Tunis, June 17, 2010 – The World Bank’s Board of Executive Directors today approved two loans and a grant from the Global Environment Facility (GEF) to support Tunisia’s development program, in particular the Northern Tunis Wastewater Project, at a total cost of US$68.63 million, and a second Natural Resource Management Project, in the amount of US$57.84 million. These projects will support a number of major sectors in the country, including water, the environment, and agriculture.
The basic objectives of the Northern Tunis Wastewater Project are, first, to reduce the environmental impact of treated wastewater discharge in the Gulf of Tunis by building a submarine outfall to significantly improve the seawater quality on the beaches of northern Tunis. The second objective is to support the implementation of the National Program for Wastewater Reuse. This project will support the first phase of the program, to be implemented by the National Sanitation Office (ONAS), whose aim is to develop the necessary infrastructure to increase the quantity and quality of treated wastewater available to farmers in order to encourage its reuse in agriculture in the area of the Borj Touil irrigated perimeter. This project is financed by a World Bank loan of US$52 million and a GEF grant of US$8.03 million. The Tunisian Government is contributing about US$ 8.6 million.
In the rural environmental sector, the second Natural Resource Management Project is aimed at enhancing living conditions in the rural communities of three governorates (Jendouba, Kasserine, and Médenine). These improvements will include better access to infrastructure and basic services, promotion of income-generating activities, and the use of best natural resource management practices through encouragement of an integrated community development approach.

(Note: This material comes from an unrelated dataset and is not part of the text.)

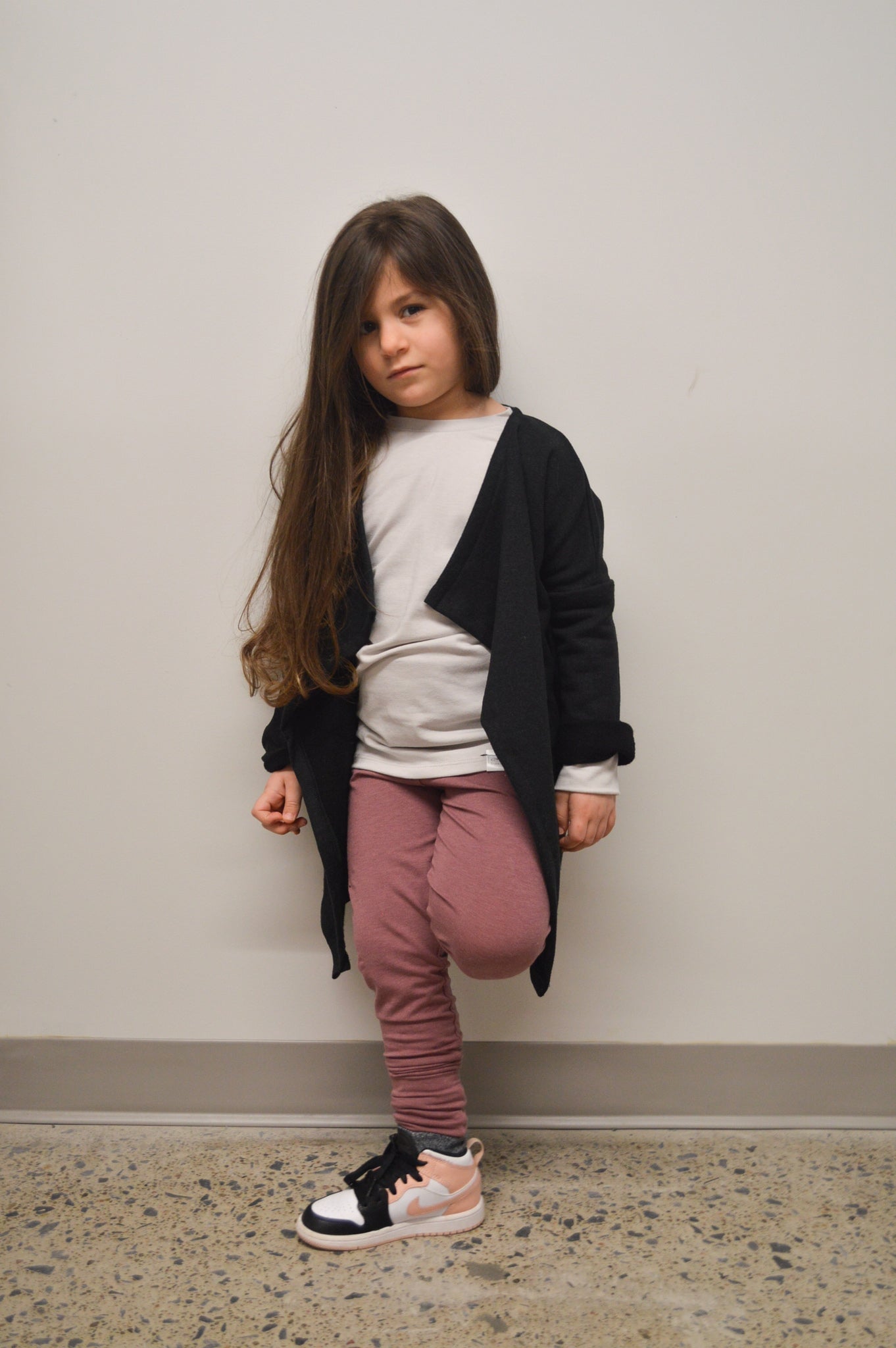 Black grow-with-me leggings for toddlers, made from soft, eco-friendly fabric. Adjustable waistband and cuffs for a long-lasting fit. Ethically made in Canada.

Another project objective is to curb the threat to vulnerable agricultural production systems associated with soil degradation and climate change in targeted zones, while developing options to combat land-based pollution of the Mediterranean Sea. The project will help the regional commissioners for agricultural development (CRDA) and local development institutions to systematically incorporate an integrated participatory approach to investments and local community development planning in 72 imadas, and possibly others, in the three above-mentioned governorates.
The World Bank is supporting a total of four projects in Tunisia’s water sector and six in the environment sector.